Assignment: Starting at the line with "Čelenka charleston - bílý satén", copy each line through the last one below exactly as written, without any pictures.

━━━━━━━━━━━━━━━━

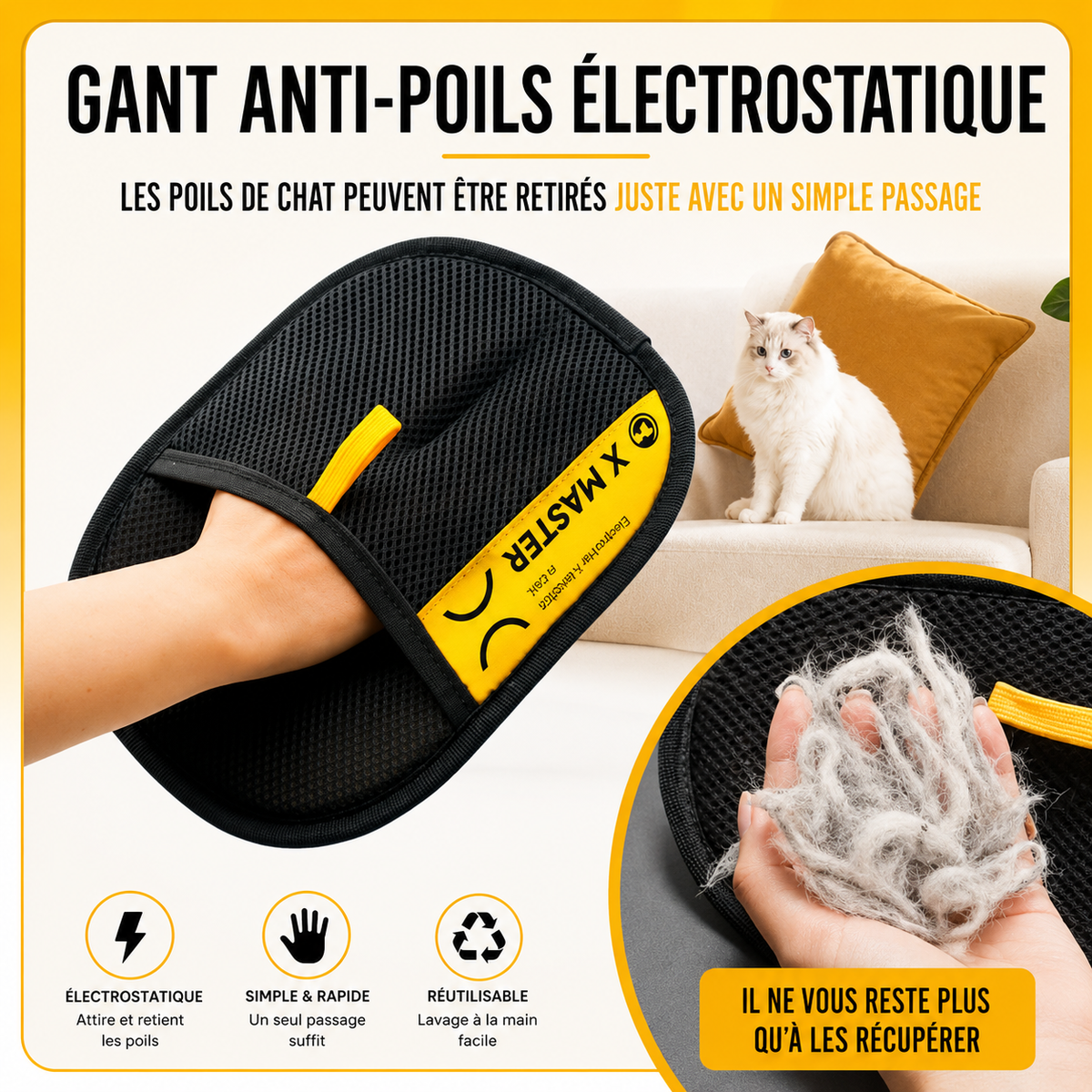CHATNET – Gant Anti-Poils Électrostatique pour Chat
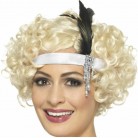 Čelenka charleston - bílý satén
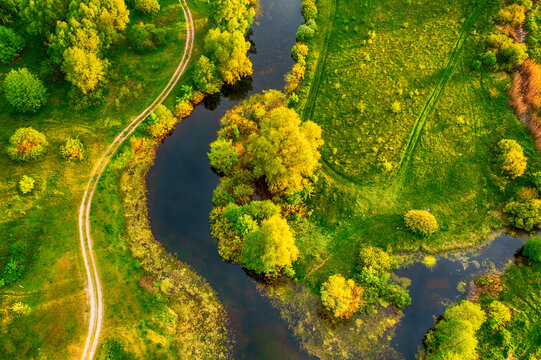 River in the meadows, beautiful spring landscape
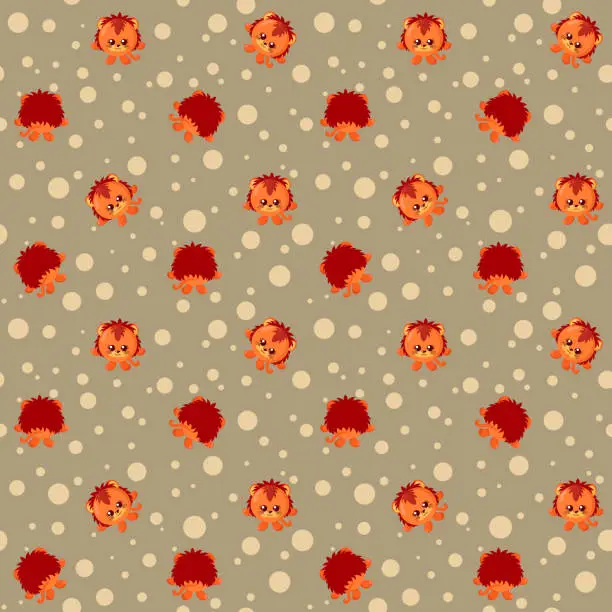 Vector illustration of Funny kawaii lion seamless pattern background.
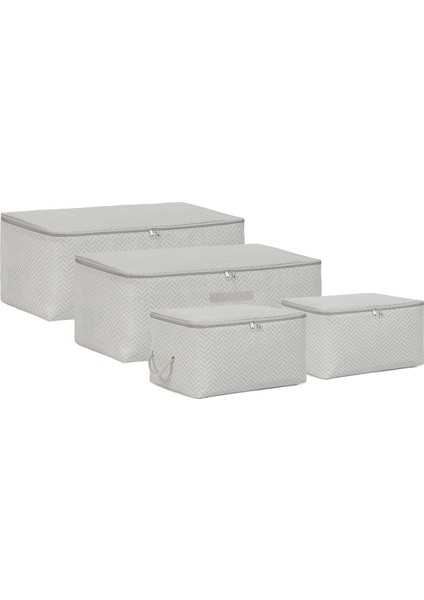 4&apos;lü Gri Hurç Set 2 Adet 30 x 22 x 18/2 Adet 52 x 28 x 21 cm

━━━━━━━━━━━━━━━━

Exercise solution:
 Čelenka charleston - bílý satén
 River in the meadows, beautiful spring landscape
 Vector illustration of Funny kawaii lion seamless pattern background.
 4&apos;lü Gri Hurç Set 2 Adet 30 x 22 x 18/2 Adet 52 x 28 x 21 cm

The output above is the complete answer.